[Work required]
When you copy the material, keep each line exactly as it appears.
-------- Provided information
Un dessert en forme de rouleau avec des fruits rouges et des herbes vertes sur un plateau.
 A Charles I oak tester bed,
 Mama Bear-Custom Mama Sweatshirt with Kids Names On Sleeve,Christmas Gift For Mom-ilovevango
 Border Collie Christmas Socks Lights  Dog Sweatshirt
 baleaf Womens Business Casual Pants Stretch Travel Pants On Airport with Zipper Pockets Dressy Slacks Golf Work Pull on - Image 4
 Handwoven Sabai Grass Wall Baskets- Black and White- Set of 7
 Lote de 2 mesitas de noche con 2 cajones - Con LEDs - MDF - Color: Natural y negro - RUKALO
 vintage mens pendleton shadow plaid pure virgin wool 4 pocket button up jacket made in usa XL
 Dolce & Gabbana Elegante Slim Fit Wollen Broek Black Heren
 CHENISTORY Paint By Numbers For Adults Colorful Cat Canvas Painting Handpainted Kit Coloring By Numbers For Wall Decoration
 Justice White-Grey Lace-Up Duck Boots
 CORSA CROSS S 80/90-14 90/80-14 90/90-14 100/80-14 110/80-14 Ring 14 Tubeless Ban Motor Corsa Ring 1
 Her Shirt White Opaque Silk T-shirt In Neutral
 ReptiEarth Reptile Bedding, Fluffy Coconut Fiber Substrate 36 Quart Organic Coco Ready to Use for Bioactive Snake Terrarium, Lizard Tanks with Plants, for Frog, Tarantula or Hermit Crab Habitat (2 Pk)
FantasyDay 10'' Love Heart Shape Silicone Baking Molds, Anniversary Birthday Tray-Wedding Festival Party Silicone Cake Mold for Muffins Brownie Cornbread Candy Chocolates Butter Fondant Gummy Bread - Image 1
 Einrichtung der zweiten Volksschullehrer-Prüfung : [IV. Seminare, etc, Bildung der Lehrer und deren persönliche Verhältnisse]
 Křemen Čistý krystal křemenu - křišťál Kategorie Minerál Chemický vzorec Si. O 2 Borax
----------------
[Written response]
Un dessert en forme de rouleau avec des fruits rouges et des herbes vertes sur un plateau.
 A Charles I oak tester bed,
 Mama Bear-Custom Mama Sweatshirt with Kids Names On Sleeve,Christmas Gift For Mom-ilovevango
 Border Collie Christmas Socks Lights  Dog Sweatshirt
 baleaf Womens Business Casual Pants Stretch Travel Pants On Airport with Zipper Pockets Dressy Slacks Golf Work Pull on - Image 4
 Handwoven Sabai Grass Wall Baskets- Black and White- Set of 7
 Lote de 2 mesitas de noche con 2 cajones - Con LEDs - MDF - Color: Natural y negro - RUKALO
 vintage mens pendleton shadow plaid pure virgin wool 4 pocket button up jacket made in usa XL
 Dolce & Gabbana Elegante Slim Fit Wollen Broek Black Heren
 CHENISTORY Paint By Numbers For Adults Colorful Cat Canvas Painting Handpainted Kit Coloring By Numbers For Wall Decoration
 Justice White-Grey Lace-Up Duck Boots
 CORSA CROSS S 80/90-14 90/80-14 90/90-14 100/80-14 110/80-14 Ring 14 Tubeless Ban Motor Corsa Ring 1
 Her Shirt White Opaque Silk T-shirt In Neutral
 ReptiEarth Reptile Bedding, Fluffy Coconut Fiber Substrate 36 Quart Organic Coco Ready to Use for Bioactive Snake Terrarium, Lizard Tanks with Plants, for Frog, Tarantula or Hermit Crab Habitat (2 Pk)
FantasyDay 10'' Love Heart Shape Silicone Baking Molds, Anniversary Birthday Tray-Wedding Festival Party Silicone Cake Mold for Muffins Brownie Cornbread Candy Chocolates Butter Fondant Gummy Bread - Image 1
 Einrichtung der zweiten Volksschullehrer-Prüfung : [IV. Seminare, etc, Bildung der Lehrer und deren persönliche Verhältnisse]
 Křemen Čistý krystal křemenu - křišťál Kategorie Minerál Chemický vzorec Si. O 2 Borax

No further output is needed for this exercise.